Option implementation by CPU was as follows:
2114 2115 2116 2100 1000-M 1000-E 1000-F
------ ------ ------ ------ ------ ------ ------
N/A N/A N/A N/A std std std
The instruction codes are mapped to routines as follows:
Instr. 1000-M/E/F Instr. 1000-M/E/F
------ ---------- ------ ----------
10x740 S*X 10x760 ISX
10x741 C*X 10x761 DSX
10x742 L*X 10x762 JLY
10x743 STX 10x763 LBT
10x744 CX* 10x764 SBT
10x745 LDX 10x765 MBT
10x746 ADX 10x766 CBT
10x747 X*X 10x767 SFB
10x750 S*Y 10x770 ISY
10x751 C*Y 10x771 DSY
10x752 L*Y 10x772 JPY
10x753 STY 10x773 SBS
10x754 CY* 10x774 CBS
10x755 LDY 10x775 TBS
10x756 ADY 10x776 CMW
10x757 X*Y 10x777 MVW
Instructions that use IR bit 11 to select the A or B register are designated
with a * above (e.g., 101740 is SAX, and 105740 is SBX).

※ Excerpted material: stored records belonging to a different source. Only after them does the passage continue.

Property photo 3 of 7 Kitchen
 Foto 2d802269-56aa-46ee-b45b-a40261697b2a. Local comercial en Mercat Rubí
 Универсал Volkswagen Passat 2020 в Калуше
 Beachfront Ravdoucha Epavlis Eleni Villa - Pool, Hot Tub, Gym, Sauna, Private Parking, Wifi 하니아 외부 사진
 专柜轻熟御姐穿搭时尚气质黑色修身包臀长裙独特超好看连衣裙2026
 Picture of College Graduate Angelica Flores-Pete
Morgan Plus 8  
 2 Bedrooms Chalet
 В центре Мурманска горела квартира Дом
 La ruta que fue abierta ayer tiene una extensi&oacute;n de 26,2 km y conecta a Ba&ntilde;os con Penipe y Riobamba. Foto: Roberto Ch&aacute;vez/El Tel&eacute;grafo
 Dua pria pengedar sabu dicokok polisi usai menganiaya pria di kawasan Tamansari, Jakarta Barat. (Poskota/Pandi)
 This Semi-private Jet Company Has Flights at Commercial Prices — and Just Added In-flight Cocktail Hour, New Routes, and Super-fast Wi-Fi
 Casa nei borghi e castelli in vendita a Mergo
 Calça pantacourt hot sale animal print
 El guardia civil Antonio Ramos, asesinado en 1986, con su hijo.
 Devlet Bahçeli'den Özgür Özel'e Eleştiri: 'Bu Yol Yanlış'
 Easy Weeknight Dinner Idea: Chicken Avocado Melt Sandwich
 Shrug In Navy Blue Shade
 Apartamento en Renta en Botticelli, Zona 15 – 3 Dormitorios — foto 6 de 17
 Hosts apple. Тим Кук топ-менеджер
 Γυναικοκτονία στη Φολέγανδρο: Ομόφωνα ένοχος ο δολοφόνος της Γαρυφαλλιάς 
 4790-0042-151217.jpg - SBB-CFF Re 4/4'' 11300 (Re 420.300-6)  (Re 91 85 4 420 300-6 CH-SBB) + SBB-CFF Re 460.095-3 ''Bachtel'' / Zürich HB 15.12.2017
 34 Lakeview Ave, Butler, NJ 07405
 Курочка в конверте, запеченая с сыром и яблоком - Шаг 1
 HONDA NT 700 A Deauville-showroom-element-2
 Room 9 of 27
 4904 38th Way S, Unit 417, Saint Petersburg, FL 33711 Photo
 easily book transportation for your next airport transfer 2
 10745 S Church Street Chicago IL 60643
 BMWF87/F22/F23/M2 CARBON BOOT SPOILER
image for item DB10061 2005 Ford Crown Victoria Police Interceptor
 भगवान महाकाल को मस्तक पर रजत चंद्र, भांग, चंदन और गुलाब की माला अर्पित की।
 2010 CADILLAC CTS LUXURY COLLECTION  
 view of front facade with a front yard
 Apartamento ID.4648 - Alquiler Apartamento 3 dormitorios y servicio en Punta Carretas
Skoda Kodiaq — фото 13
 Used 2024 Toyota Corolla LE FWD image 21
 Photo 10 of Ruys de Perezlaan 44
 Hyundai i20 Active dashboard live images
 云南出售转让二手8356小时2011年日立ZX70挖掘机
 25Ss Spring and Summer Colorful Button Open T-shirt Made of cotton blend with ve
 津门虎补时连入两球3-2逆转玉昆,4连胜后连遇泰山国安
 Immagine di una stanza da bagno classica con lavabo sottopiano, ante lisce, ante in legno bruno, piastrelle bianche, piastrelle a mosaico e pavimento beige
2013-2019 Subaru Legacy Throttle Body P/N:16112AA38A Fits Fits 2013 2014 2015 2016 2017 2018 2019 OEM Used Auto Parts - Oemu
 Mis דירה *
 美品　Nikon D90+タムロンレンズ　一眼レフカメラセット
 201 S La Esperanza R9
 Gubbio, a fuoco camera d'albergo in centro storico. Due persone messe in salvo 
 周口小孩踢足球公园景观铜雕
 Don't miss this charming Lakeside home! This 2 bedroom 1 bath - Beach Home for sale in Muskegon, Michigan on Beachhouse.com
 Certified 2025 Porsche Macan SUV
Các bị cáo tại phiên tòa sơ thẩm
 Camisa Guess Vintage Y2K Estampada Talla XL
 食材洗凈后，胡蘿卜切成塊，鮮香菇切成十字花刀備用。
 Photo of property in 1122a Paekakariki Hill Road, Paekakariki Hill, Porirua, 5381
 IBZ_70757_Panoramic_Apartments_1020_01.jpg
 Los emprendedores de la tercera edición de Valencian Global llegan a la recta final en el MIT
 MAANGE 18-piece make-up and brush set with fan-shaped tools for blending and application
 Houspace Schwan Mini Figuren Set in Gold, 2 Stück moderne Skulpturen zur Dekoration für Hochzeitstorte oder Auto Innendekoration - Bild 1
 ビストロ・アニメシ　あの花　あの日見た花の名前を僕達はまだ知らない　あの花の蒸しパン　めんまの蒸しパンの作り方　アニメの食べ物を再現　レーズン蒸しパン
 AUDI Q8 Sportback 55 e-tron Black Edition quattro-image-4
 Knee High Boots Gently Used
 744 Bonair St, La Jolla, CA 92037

For those that do
not use this feature, either the 101xxx or 105xxx code will execute the
corresponding instruction, although the 105xxx form is the documented
instruction code.
Implementation notes:
1. The LBT, SBT, MBT, and MVW instructions are used as part of the 2100 IOP
implementation. When so called, the MBT and MVW instructions have the
additional restriction that the count must be positive.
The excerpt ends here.